Portable 3D printers are nothing new and there are a number on the open market, but taking the power supply away could make a huge difference. If a printer can operate without mains power, then that means it can work in the most remote environments in the world. It’s not a huge technical breakthrough, but we do like their thinking.
A new dawn for the world’s poorest people?
A printer like this could literally change the lives of people in some of the furthest flung corners of the globe. Remote parts of Africa and China simply don’t have access to simple things that could make their lives easier.
They can range from a prosthetic hand to a hinge, but the sheer distance involved, the poor quality infrastructure of the road networks and the grinding poverty of these areas means they simply do without.
At the moment supplying these communities with a printer that can supply them with all manner of essentials might seem like a dream. But if it proves itself in the field and makes a significant difference, then it could change the lives of millions of people around the world.
Creating electricity might be a better option
Of course there’s another way to do this and creating electricity might have far wider reaching benefits.
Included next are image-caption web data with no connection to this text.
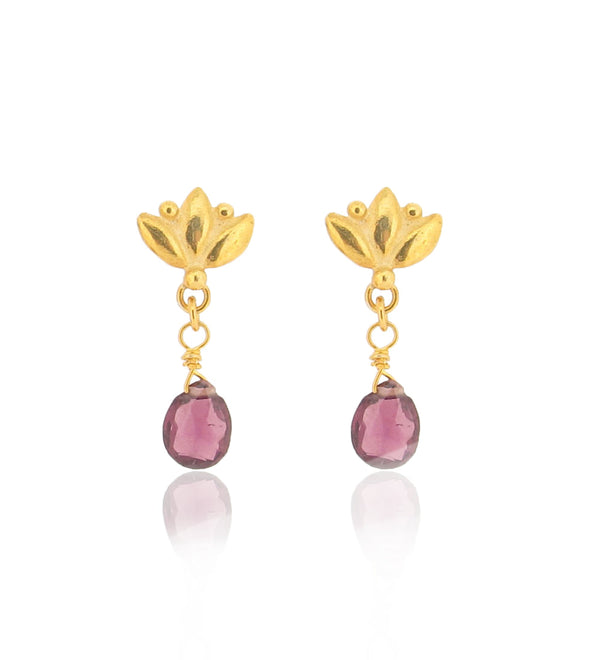 Small Lotus Drop Earrings - Rhodolite Garnet - Gold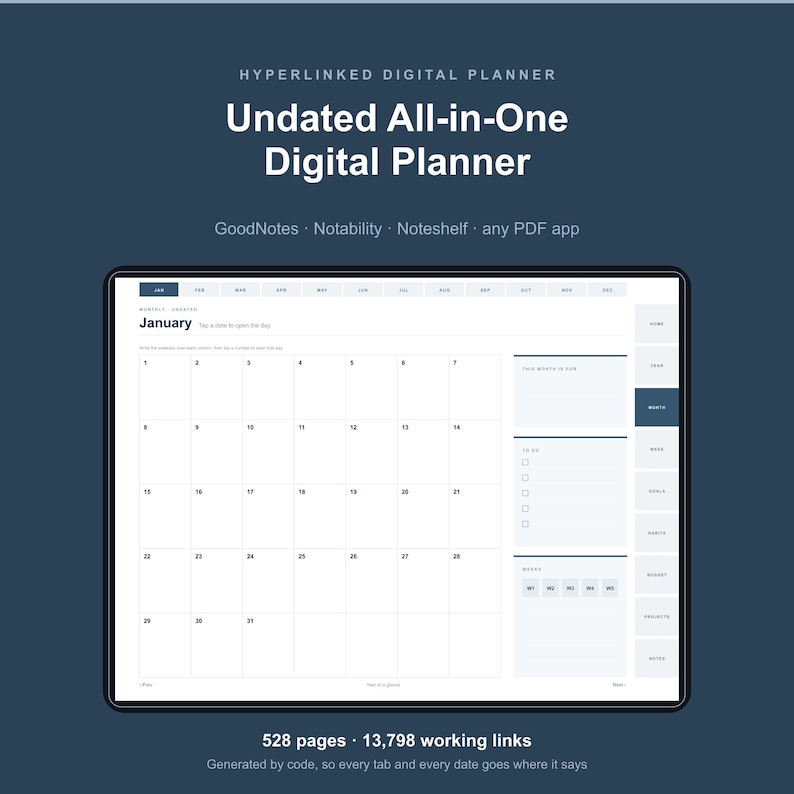 Undated Digital Planner for GoodNotes, Hyperlinked iPad Planner, Daily Weekly Monthly Undated Planner, Notability, 528 Pages, Minimalist image 1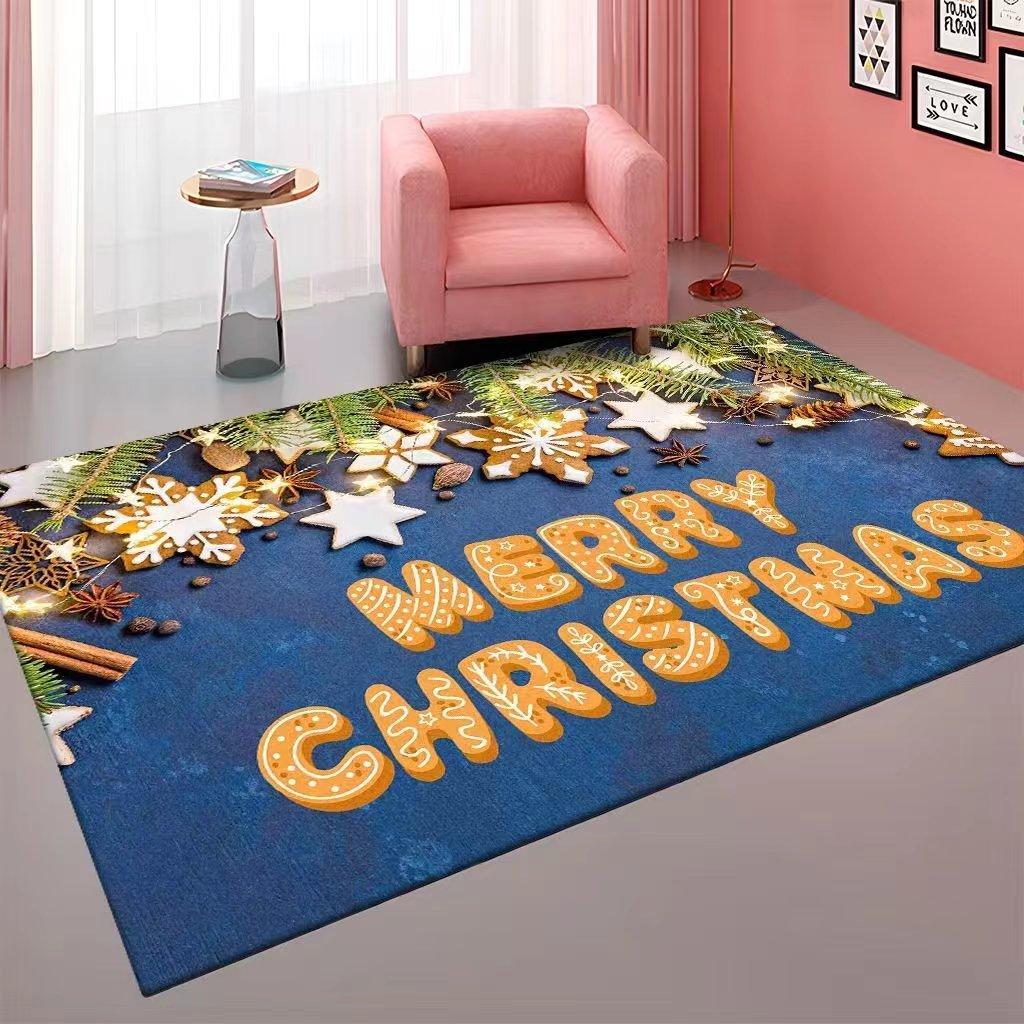 Cartoon Christmas Carpet, Living Room Easy To Clean Sofa Coffee Table Floor Mat Bedroom Full Of Bedside Blankets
It is also just as feasible in the modern age with solar power and the likes of Tesla’s PowerWall.
We still want to see scientists posing questions and overcoming them, though, because this printer could still have an invaluable use. Research teams are often stuck in remote locations, so this could help them as well.
Battery life is a weakness
There are always issues with new technology and this time it is the battery life. Budget limitations meant the team opted for a simple Lithium Ion battery with a cheap charge controller. So it requires a substantial charge for a relatively short print time.
A more expensive charge controller on the finished production version would give better results right now. Battery technology, though, is coming on in leaps and bounds.
Nanomaterials, ironically with the help of 3D printing, could improve the capacity of current batteries beyond recognition. Solar charging is already here, too, so it’s simply a case of connecting the dots and making the technology we now have work together.
Teeth are causing a chatter
So the potential of this printer is obvious and the team of students has already demonstrated its talents by printing a set of teeth and a screw bearing. They even printed the mechanism that closes the luggage case that they use to transport it.
The team has also printed a set of cutlery and while it has limited itself to PLA so far, there’s no reason why the printer cannot handle ABS, Nylon, PET and other plastics.
G-code is the input system
Obviously the printer has no WiFi connection, so it is not hooked up to a network. So to eliminate the need for a laptop, then, the team settled on using G-code. Of course to download the files the students are talking about then you’ll need a laptop and an internet connection, but this is a work in progress.
“Luckily it is possible to produce the instructions in G-code format from an STL file by using Slic3r,” student Jay Vinda told Student Engineer magazine. “STL files can be downloaded directly from Thingiverse or 3D models can be saved as a .stl file on Solidworks.
“Slic3r will convert the 3D model into a set of instructions on a layer-by-layer basis and save this as a G-code file, which can then be saved onto an SD card. The SD card can be read by the 3D printer using the LCD screen that comes with the printer.”
A sustainable focus
Dr Alan Stocker, Leicester University’s Department of Engineering, added: “The design process was holistic and required lateral thinking throughout. The group was aided by computer-based modelling and stress simulations to ensure that the design choices that were made were suitable.
“The students were given a specific focus on sustainability to meet current industry regulations. With this in mind they included a load-sensor, which allowed the user to precisely compare the amount of material required for a printing operation with the amount of material leftover. This addition meant that the user wasted fewer filaments which saves money and increases the emphasis on sustainability for the project.”
It’s an ingenious concept and if it turns into a total gamechanger or not then we’d still like to take a moment to applaud the students at Leicester University. We look forward to seeing what they come up with next.